**EXCERPTED RECORDS**
* * * *

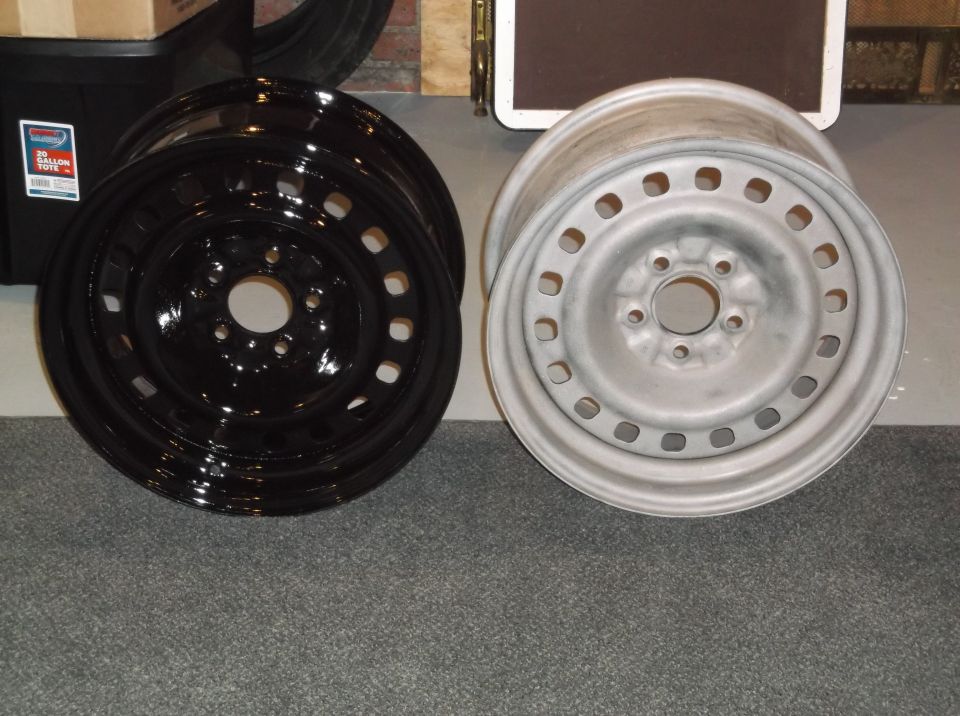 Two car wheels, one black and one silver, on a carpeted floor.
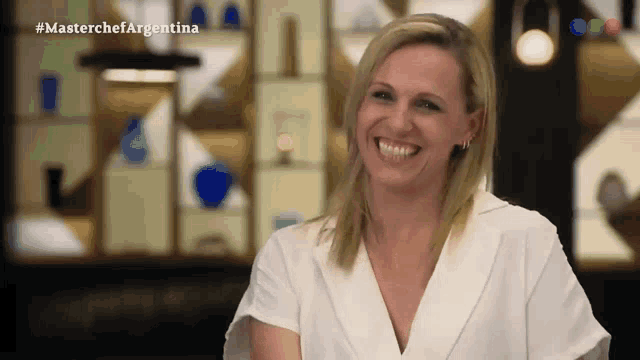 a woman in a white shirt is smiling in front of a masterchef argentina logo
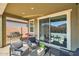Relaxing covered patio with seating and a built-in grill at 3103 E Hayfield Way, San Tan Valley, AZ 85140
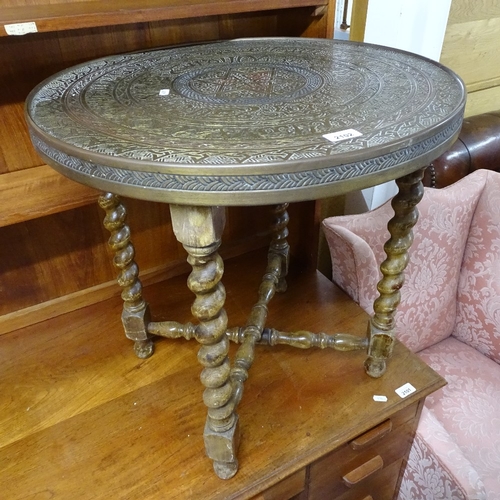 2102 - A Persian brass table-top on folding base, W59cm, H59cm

* * * *

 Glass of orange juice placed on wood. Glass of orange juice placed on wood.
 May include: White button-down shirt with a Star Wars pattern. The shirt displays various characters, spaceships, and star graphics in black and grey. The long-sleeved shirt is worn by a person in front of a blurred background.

* * * *

Given the records above, reproduce precisely and only the lines between the line holding "Glass of orange juice placed on wood. Glass" and the line holding "May include: White", inclusive.

**SOLUTION TO THIS PROBLEM**
 Glass of orange juice placed on wood. Glass of orange juice placed on wood.
 May include: White button-down shirt with a Star Wars pattern. The shirt displays various characters, spaceships, and star graphics in black and grey. The long-sleeved shirt is worn by a person in front of a blurred background.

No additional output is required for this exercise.